== Records provided
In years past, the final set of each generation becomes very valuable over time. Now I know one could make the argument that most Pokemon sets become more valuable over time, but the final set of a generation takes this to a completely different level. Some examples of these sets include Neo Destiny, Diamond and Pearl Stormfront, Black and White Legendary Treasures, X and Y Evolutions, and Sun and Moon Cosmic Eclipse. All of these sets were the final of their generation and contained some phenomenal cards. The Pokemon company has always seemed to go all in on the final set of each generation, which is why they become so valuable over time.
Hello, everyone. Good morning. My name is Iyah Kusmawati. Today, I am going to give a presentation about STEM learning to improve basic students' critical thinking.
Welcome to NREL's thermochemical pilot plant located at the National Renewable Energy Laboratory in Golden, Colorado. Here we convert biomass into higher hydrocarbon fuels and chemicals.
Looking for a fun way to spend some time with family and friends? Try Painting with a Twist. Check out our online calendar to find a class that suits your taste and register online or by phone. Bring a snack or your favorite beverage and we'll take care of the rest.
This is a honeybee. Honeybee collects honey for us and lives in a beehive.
====
== Records provided
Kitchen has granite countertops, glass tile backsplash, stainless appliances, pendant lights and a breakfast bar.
====
Here the output must be the lines above from the line with "In years past, the" to the line with "This is a honeybee.", both included, duplicated word for word and nothing else.

- **Response to the exercise**:
In years past, the final set of each generation becomes very valuable over time. Now I know one could make the argument that most Pokemon sets become more valuable over time, but the final set of a generation takes this to a completely different level. Some examples of these sets include Neo Destiny, Diamond and Pearl Stormfront, Black and White Legendary Treasures, X and Y Evolutions, and Sun and Moon Cosmic Eclipse. All of these sets were the final of their generation and contained some phenomenal cards. The Pokemon company has always seemed to go all in on the final set of each generation, which is why they become so valuable over time.
Hello, everyone. Good morning. My name is Iyah Kusmawati. Today, I am going to give a presentation about STEM learning to improve basic students' critical thinking.
Welcome to NREL's thermochemical pilot plant located at the National Renewable Energy Laboratory in Golden, Colorado. Here we convert biomass into higher hydrocarbon fuels and chemicals.
Looking for a fun way to spend some time with family and friends? Try Painting with a Twist. Check out our online calendar to find a class that suits your taste and register online or by phone. Bring a snack or your favorite beverage and we'll take care of the rest.
This is a honeybee. Honeybee collects honey for us and lives in a beehive.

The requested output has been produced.